The first entry of my analysis project. Going back to ’98 for this one, luckily I still have a 64 and the game laying around.
+ The HUD/UI in the game does a good job of letting you keep track of your health, money, location, and equipped items without getting in the way. The intuitive way that the Action button flips over to tell you when you can interact with something is also nice. The C buttons are also displayed in such a way that it is very easy for the player to know which button an item is set to.
+ Z Targeting. Link’s fairy can fly towards people, enemies, and items that are near or far. After doing this Link can then target whatever object it is and “target” it by pressing the Z button. This works nicely because it allows Link to focus on things at a distance so he can aim, or talk to the object. It also works pretty well during combat, allowing Link to focus on a single target so attacks and blocks and be timed and aimed properly. However, the system is not without faults.
+ The in-game menu is an all in one resource that is accessed by pressing the start button. It contains four panels (Equipment, Select Item, Map, and Quest Status) in a square that can be rotated with the L and R buttons. The information on the panels is displayed and categorized in such a way that easily allows the player to keep track their items, equipment, songs, etc. This lets the player focus on the specific tasks at hand, and referencing it easily when it is needed.
+ The songs are learned from various people throughout the game and are played on the ocarinas that Link receives. This intuitive mechanic adds a nice flavor to the puzzles throughout the game. Having more than just environmental puzzles keeps it fresh. An interesting side-note about the ocarina is that in the strategy guide you can find all the button combinations to make real notes. So you can play actual songs in the game, and translate the in-game buttons to play the game’s songs on real world instruments.
+ The button mapping on the controller lets the player stay active and moving during the combat. The way the buttons are setup let the player target, attack, dodge, and use the various C button items without having to take their hand of thumb off of the controller stick.
– Despite the successes of the Z targeting system, the camera can get moved in such a way that blocks or obstructs the view. Seeing as there is a lot of combat and platforming in tight spaces throughout the game, being able to see what is going on is important (in any game for that matter).
– While Navi the fairy gives a nice story element to explain the Z targeting, her high pitched shrills of “Hey!” and “Listen!” tend to get annoying as you get further into the game.

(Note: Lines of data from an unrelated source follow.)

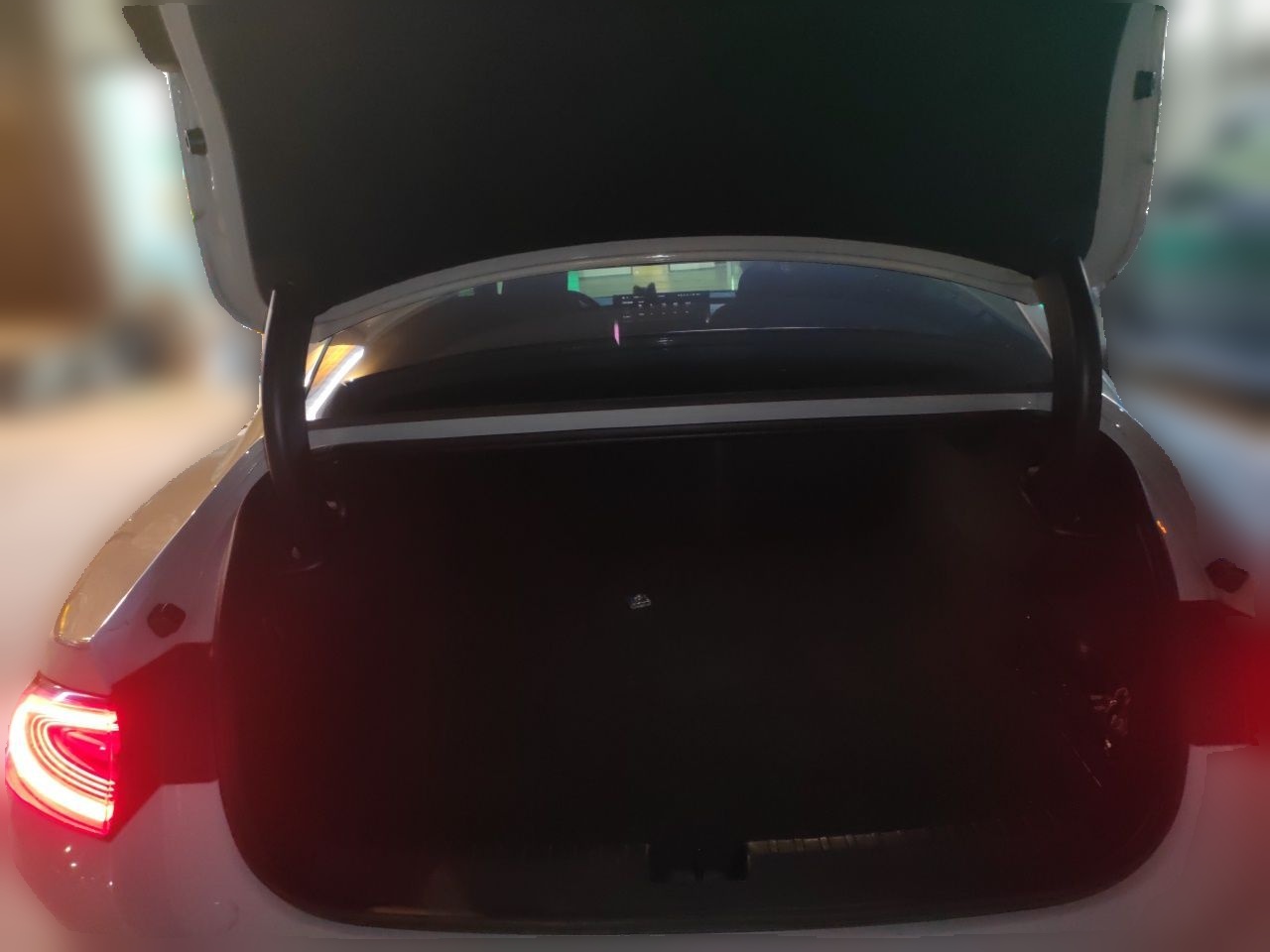 Xiaomi Auto SU7 2024 Rear-Drive Ultra-Long Range Advanced Pro-Level Intelligent Driving Version — снимка 19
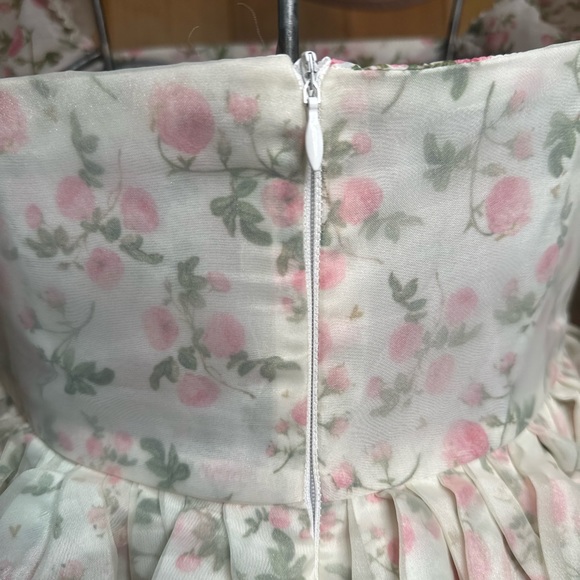 Beautiful, REVERSIBLE, summer picnic puff! - Picture 5 of 10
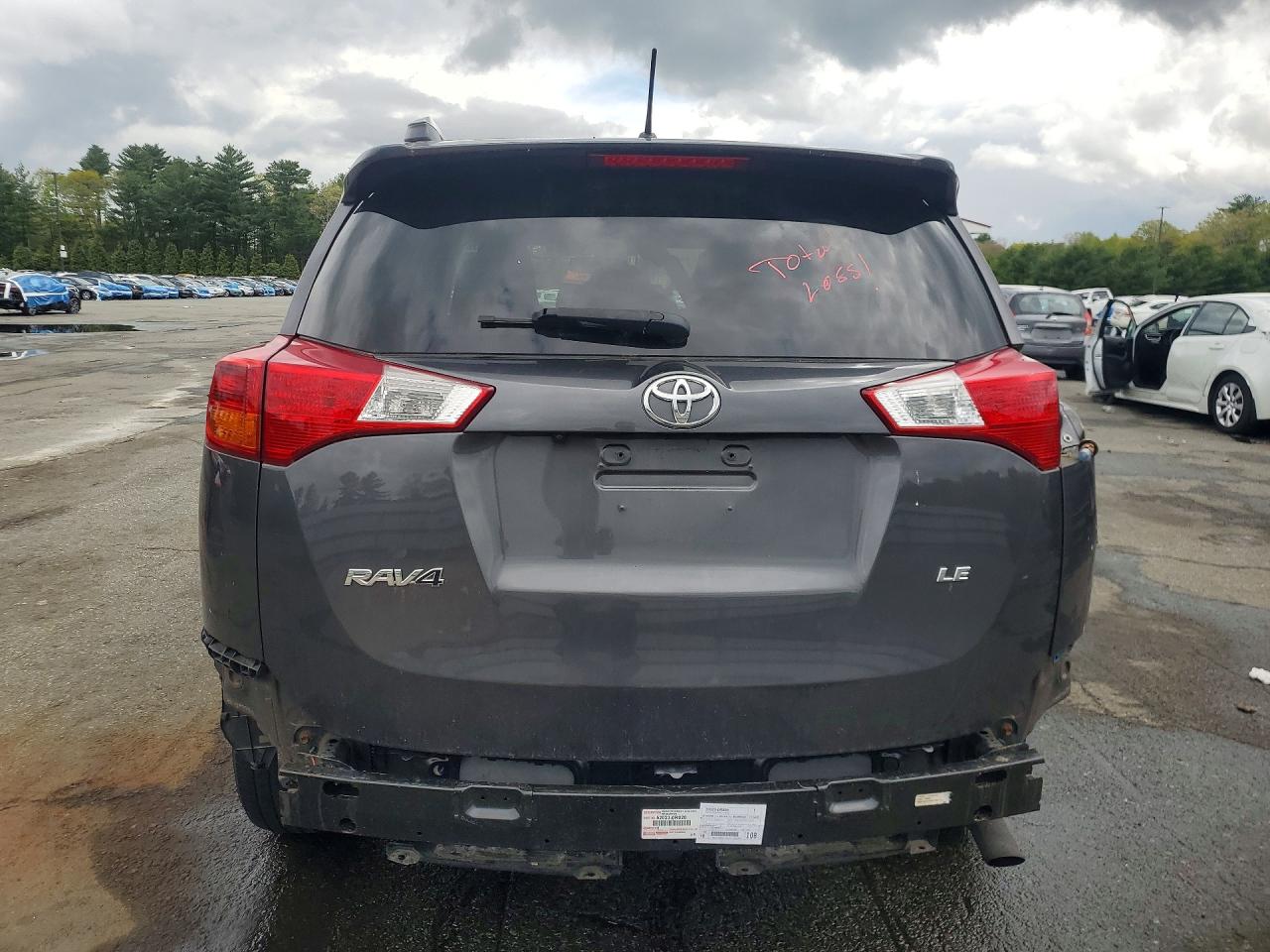 2013 TOYOTA RAV4 LE photo 16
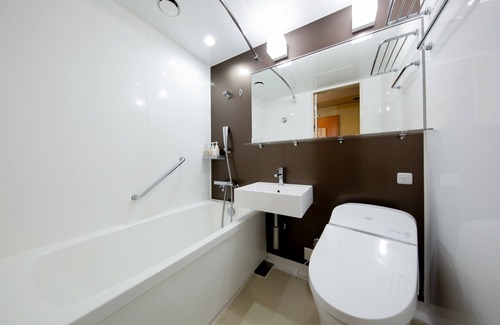 Nishiki Hotel | Nonsmoking Premium twin room Room without meal/Nagoya Aichi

– During different dialog sequences, the player is sometimes asked a yes or no question that they can chose the answer to. It is a nice touch but is eventually doesn’t matter which one you pick, and some of them don’t really make any sense. An example of this is when you first meet Princess Zelda and she asks you if you have the Forest Emerald. You can say no, but she gets a frown on her face and doesn’t seem to believe you and asks the same question again. This process will loop until you tell her yes. This attempt to give the player some free choice is nice but it is rather hollow.
– When Link is low on health an alarm will ring out. This alarm will keep ringing and ringing until more hearts are restored. This, just like Navi, can get very annoying if there is no method to quickly restore Links health.
– If Link is killed inside of a temple or dungeon (level), when the game restarts he is placed at the beginning of the level. This causes the player to have to backtrack through areas that have been completed already, and in an extensive temple (like the water temple for example), this can be a tedious process.
~ Throughout the game you kill gold skulltula’s that are hidden and collect the tokens that they drop. After certain amounts are collected they unlock additional items that can help (but are not necessary) in the journey. One of these is allowing the rumble pack to detect secret grottos by pulsating when Link is near them. This is a nice addition but since the rumble pack is a separate item that people have to buy it makes getting it useless for some players.
~ Usually when you are first informed about certain items, the text can be skipped through quickly so you don’t have to wait around for it to stop scrolling. However some text scrolls cannot be skipped like this for some reason.
~ The button combinations for performing a vertical slash is forward + B, and for a horizontal slash is just B. In targeting mode these are switch. Why have them switched?
~ It gets somewhat tedious when in certain temples switching back and forth between items like boots. Why can’t these items be mapped to the C buttons or one of the D-pad buttons?
~ Being able to change the name of Link is kind of cool and adds a bit of personalization, but isn’t really needed.
- Without being able to move the camera around sometimes it is obstructed or blocked during combat and platforming. The D-pad is completely unmapped and could be used to make the camera swing in set directions around Link.
- Some of the yes or no questions only have one response that will work and generally makes it seem like a hollow attempt at adding in more player choice. With the limited space available on the 64 cartridge an attempt to put in fully fleshed out player choices with different outcomes probably would have taken up too much space. Since it is a linear type story these options could have just been removed without hurting the story or gameplay.
- There is a slight delay from when Navi reaches a target to when you can actually lock onto it when Z. This is especially felt during some later battle with enemies that fly around. This could be made a bit snappier.
- More mounted combat with the ability to use the Master Sword and shield, as well as the bow with the assistance of Z targeting.